Task. Whenever a picture appears, omit it, and set down everything else in the records exactly.

Records provided.
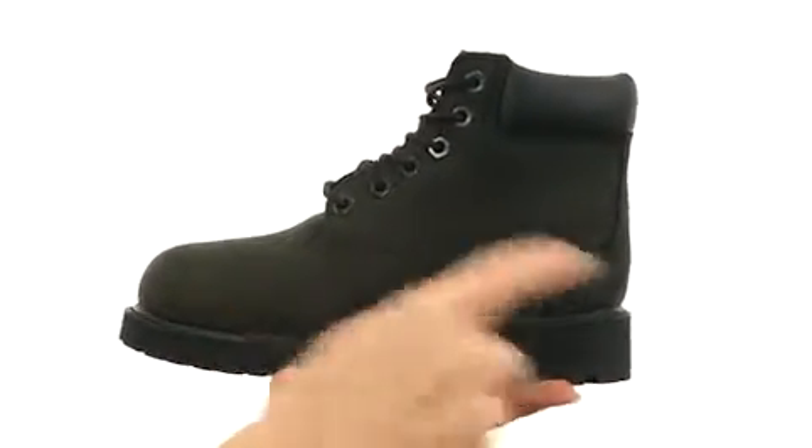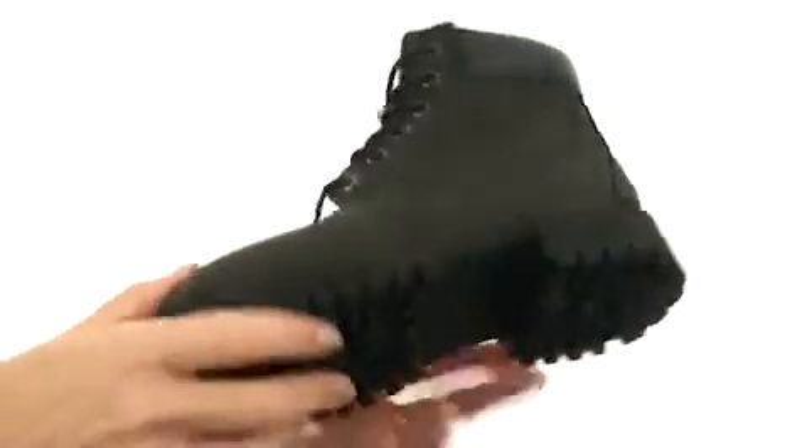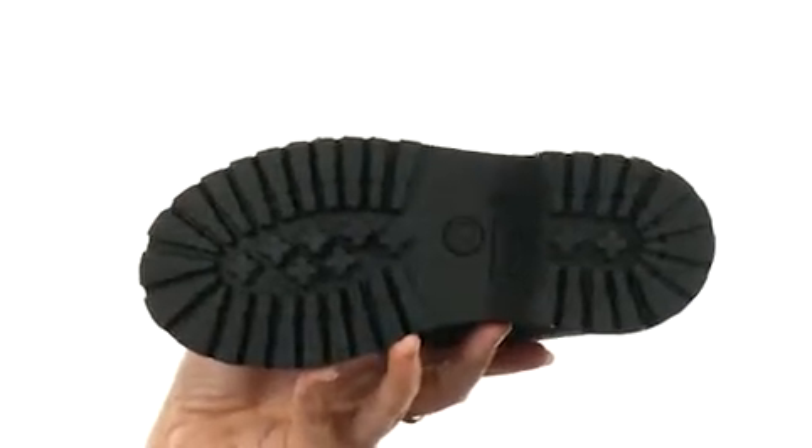To keep their feet nice and warm, there's also a contoured cushion footbed in the bottom, and it's all on a durable rubber outsole. You'll be reassured knowing that he's outside playing in a pair of waterproof boots from Timberland Kids.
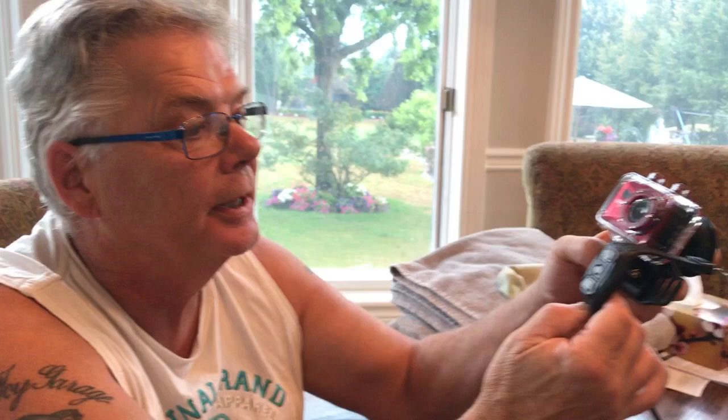The best thing about it is it's remote control — you just hit one of these buttons. When it says flash or video. This is new to me, and probably new to a lot of people who are not into cameras. So we're gonna do a quick video of it underwater.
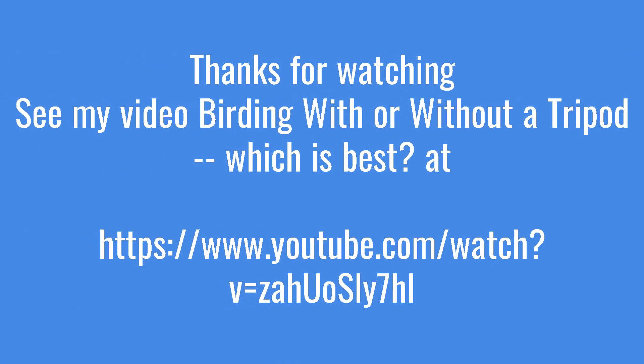Thanks for watching. See my video birding with or without a tripod, which is best? It's posted on YouTube, and the link is also down below.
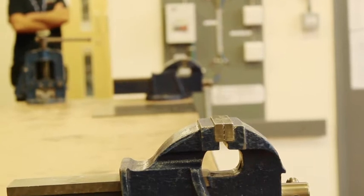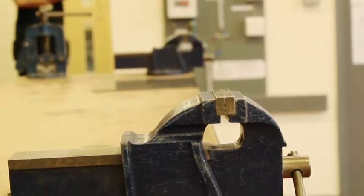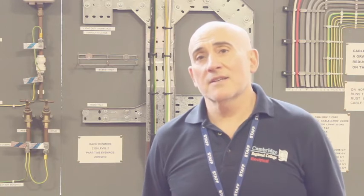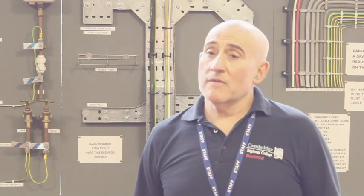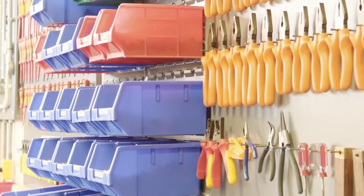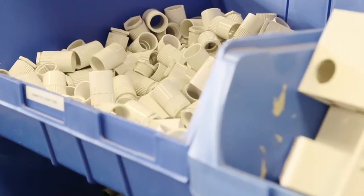To become an electrician you need to complete an NVQ. Once you've done the NVQ, then you do another exam called an AM2, and after that you either go and work — carry on working for a company — or you can carry on doing the HND, or electrical design.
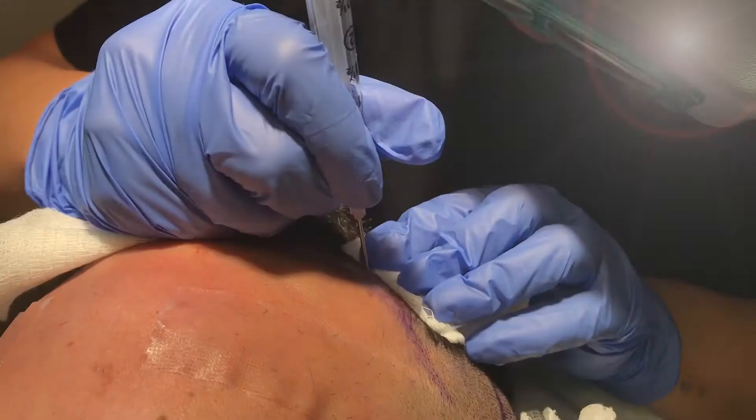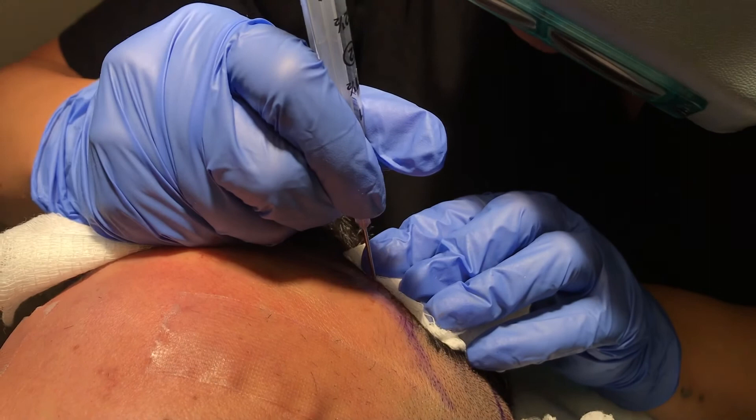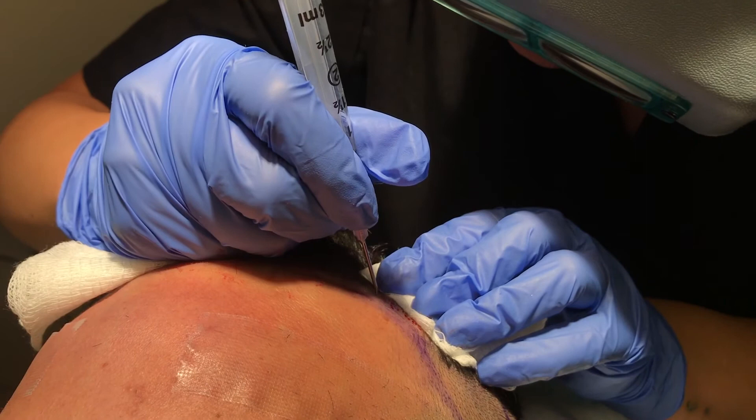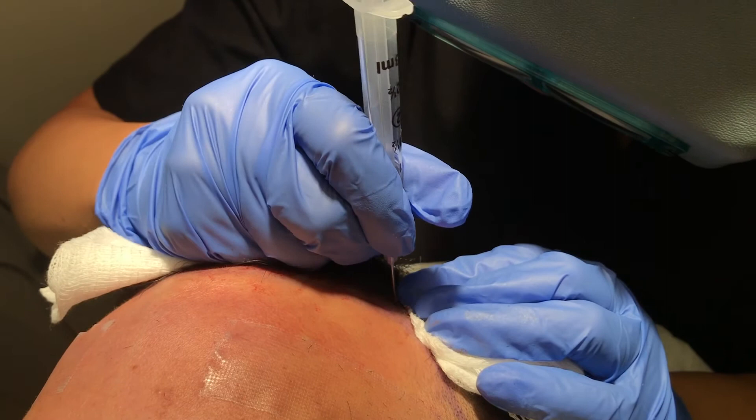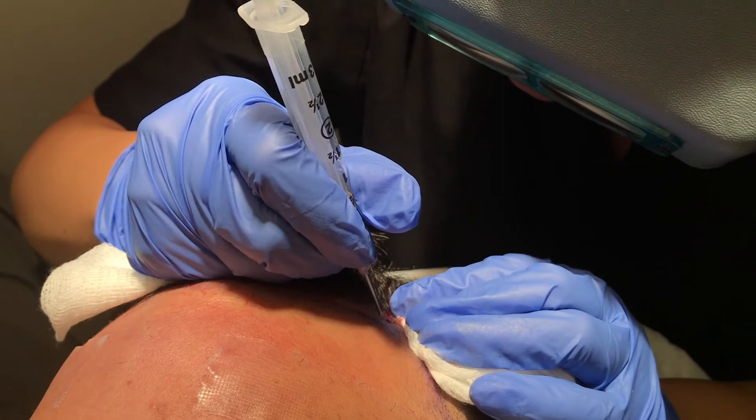Now that the hair is harvested, we're going to the recipient site, which is the two temple areas of the forehead. Here we make little pinhole sites angled specifically to mimic the natural angle of the hair growing in that region. Each hair is then individually placed as if planting a seed into each hole, allowing the hair not only to grow but to grow back at the same angle for a very natural hairline.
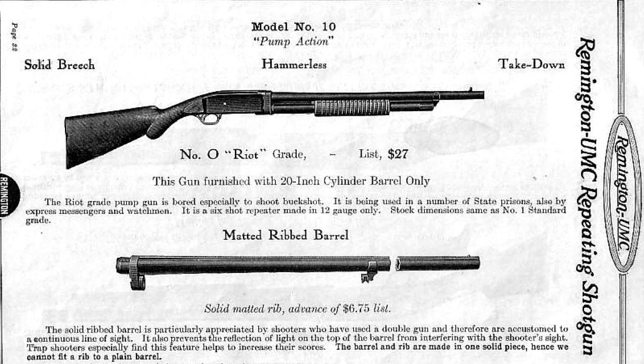At this point I have to sneak in one little piece of information, because I left one model off of that original 1911 catalog. The Number 0 Riot Grade — otherwise known as the 10R — was designed around double-aught buckshot. It was for use in prisons, armed messengers, and watchmen, with a 20-inch cylinder bore barrel. During World War I, the US would order 1,150 Remington Model 10 riot guns — straight commercial, nothing special, no bayonet lugs or slings.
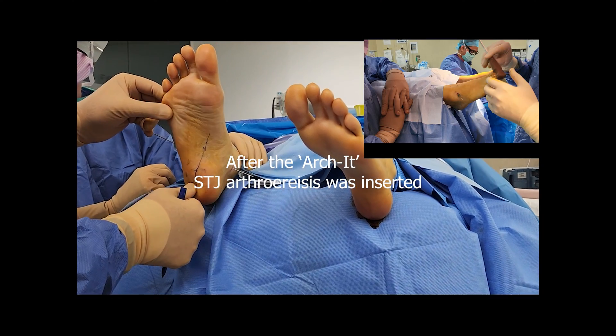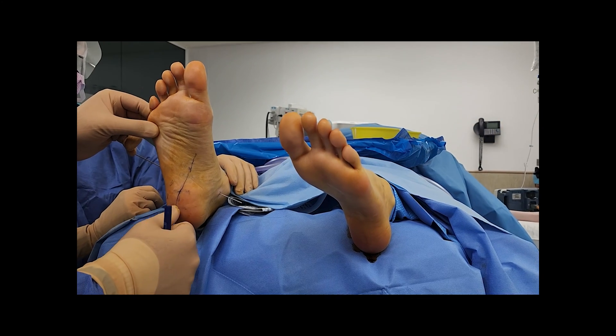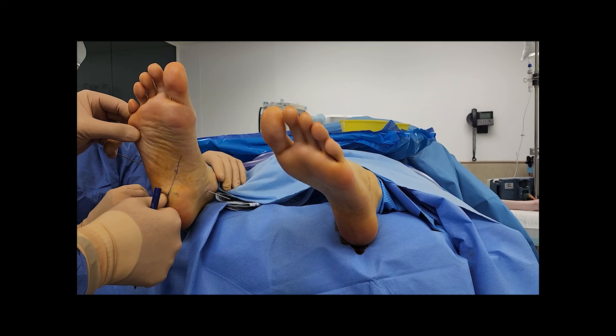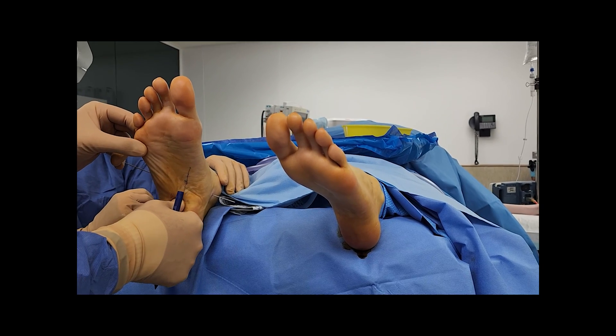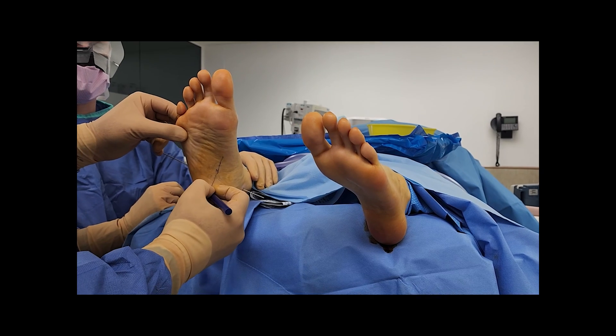The appropriately sized Archer implant was inserted into the sinus canalis. The subtalar joint axis location was again marked, and it was definitely obvious that a lateral shift of the axis had occurred.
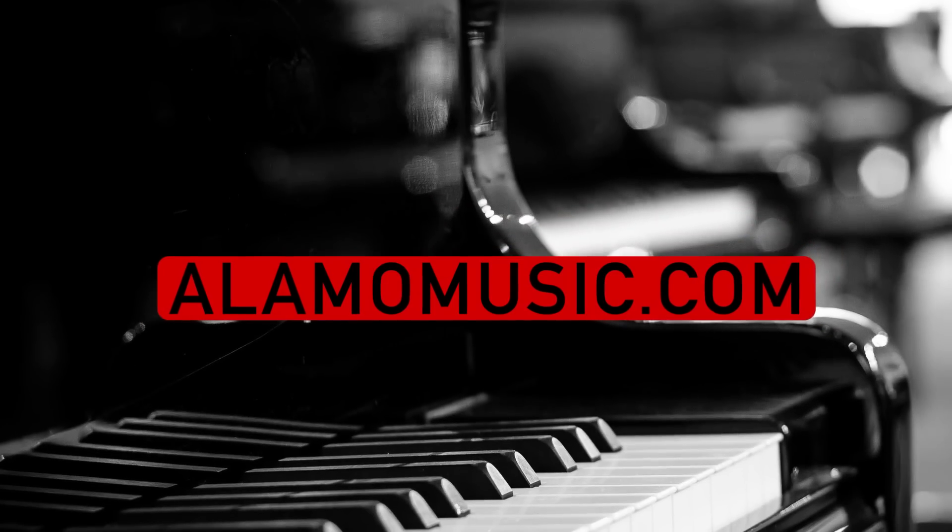Hey, you're watching Alamo Music TV. My name is Chris McKee, and I'm Cooper Greenberg. We're here with Alamo Music Center in San Antonio, Texas. You can find us online at alamomusic.com.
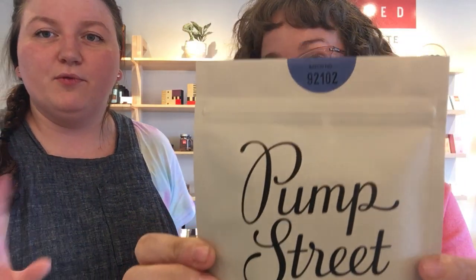We're showcasing Pump Street today — a chocolate bar company from England. This chocolate comes from Ecuador, it's a 60% milk chocolate, which is pretty dark for a milk chocolate. It's a rye crumb, milk, and sea salt bar, so we're excited to see what flavor notes come out. They're bakers and chocolate makers — they make their own bread and their own chocolate, using single origin cacao from one farm in Ecuador.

Written response.
To keep their feet nice and warm, there's also a contoured cushion footbed in the bottom, and it's all on a durable rubber outsole. You'll be reassured knowing that he's outside playing in a pair of waterproof boots from Timberland Kids.
The best thing about it is it's remote control — you just hit one of these buttons. When it says flash or video. This is new to me, and probably new to a lot of people who are not into cameras. So we're gonna do a quick video of it underwater.
Thanks for watching. See my video birding with or without a tripod, which is best? It's posted on YouTube, and the link is also down below.
To become an electrician you need to complete an NVQ. Once you've done the NVQ, then you do another exam called an AM2, and after that you either go and work — carry on working for a company — or you can carry on doing the HND, or electrical design.
Now that the hair is harvested, we're going to the recipient site, which is the two temple areas of the forehead. Here we make little pinhole sites angled specifically to mimic the natural angle of the hair growing in that region. Each hair is then individually placed as if planting a seed into each hole, allowing the hair not only to grow but to grow back at the same angle for a very natural hairline.
At this point I have to sneak in one little piece of information, because I left one model off of that original 1911 catalog. The Number 0 Riot Grade — otherwise known as the 10R — was designed around double-aught buckshot. It was for use in prisons, armed messengers, and watchmen, with a 20-inch cylinder bore barrel. During World War I, the US would order 1,150 Remington Model 10 riot guns — straight commercial, nothing special, no bayonet lugs or slings.
The appropriately sized Archer implant was inserted into the sinus canalis. The subtalar joint axis location was again marked, and it was definitely obvious that a lateral shift of the axis had occurred.
Hey, you're watching Alamo Music TV. My name is Chris McKee, and I'm Cooper Greenberg. We're here with Alamo Music Center in San Antonio, Texas. You can find us online at alamomusic.com.
We're showcasing Pump Street today — a chocolate bar company from England. This chocolate comes from Ecuador, it's a 60% milk chocolate, which is pretty dark for a milk chocolate. It's a rye crumb, milk, and sea salt bar, so we're excited to see what flavor notes come out. They're bakers and chocolate makers — they make their own bread and their own chocolate, using single origin cacao from one farm in Ecuador.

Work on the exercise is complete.